When parents use time outs or other love withdrawal methods to punish, children learn to suppress their natural reactions or emotions for fear of recrimination. We should be offering our children safe, unconditional support when the are having sometimes difficult emotions or reactions.
I think it’s paramount to ensure the relationship or attachment is nurtured before looking at the child’s behaviour. In strengthening the relationship and attachment, the behaviour will be much easier to work with and won’t seem as big of a deal. “Bad behaviour” is also usually a sign that something is lacking in the relationship. When my dc trusts that I won’t get angry and drag them/force them/hurt them/make them etc when they aren’t acting the way I want them to then they are more willing to trust that I’ll try and help them through the tough moments. They won’t be as inclined to resist my “working with” them.
It takes two to have a power struggle. As adults and parents I think it’s our job to make sure we don’t contribute to the power struggle. Children are innately social and should want to follow our lead if we are for the most part good leaders. I think before tackling any tough moment with children we need to take a minute (or a few seconds) to check in with ourselves so we can be in the best space possible to help them. Offering yourself a little self empathy (aloud or in your head) can go a long way to letting you focus on the situation at hand in a clearer light. Things are so much harder to deal with when we are reacting with anger, resentment or annoyance. While these all are valid feelings they are perhaps better dealt with after the heat of the moment has passed and without blame to the child. They don’t make us feel any way.
Unconditional Parenting is a really great book on this subject. One of the most important messages that I think this book offers is to “work with” our children rather than “do to” them. Another attribute to Unconditional Parenting, which I think is a great frustration to many readers but I find encouraging, is that there is no “how to” or “do this if this happens” or “10 steps to parenting”. Every child and every situation is different and there is no one right answer. In fact, I think there are many respectful “working with” type answers or choices we can make with each situation. It’s just a matter of considering our perspective, getting creative and staying compassionate.
Great post!!
perfectly said…
thanks! I am sending it to my husband now!!! very helpful post.
Thanks for the thoughts! This is one subject I care a lot about because I have felt myself struggling to maintain a connection with my kids when I’m angry! I’ve had times were I’ve immediately wanted to push them away. Acknowledging that as well as a lot of quick self empathy is what I need to do make sure I don’t hurt them with punishment like this. I might try and justify it in my head as needing some space to calm down but I know that in reality I want them to hurt like I do. That’s so wrong to do to children!
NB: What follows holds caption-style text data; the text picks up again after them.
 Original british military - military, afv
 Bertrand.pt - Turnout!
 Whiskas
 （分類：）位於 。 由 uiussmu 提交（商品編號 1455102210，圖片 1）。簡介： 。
Parenting is a lot of work- obviously- but well worth our massive efforts to always do better.
Great post Annie!
I do my best parenting when having my children engage the issue not my opinion on it.
2 examples I have and ask you take on them were these :
My oldest when number 2 was born kept putting baby in harms way because she felt she was meant to help with baby and she could do better … this had alot to do with Papa being in Afghanistan … so we had a day where my oldest was Mom … she did fairly well till we were in the parking lot after groceries and she could not collapse the stroller … I offered moral support while she beat the stroller trying to get it to collapse … after a good deal of time she said she thought that being a Mom was not quite what she was ready for … we then talked about being a good big sister ( that one morning has saved me a good deal of heartache and anxiety … one cannot be there always and it doesn’ t take long for things to go wrong)
the second was recently when my youngest was hittinh people … for the entire day she got hug and affection as needed but I refused to carry her anywhere after she had hit my leg that morning.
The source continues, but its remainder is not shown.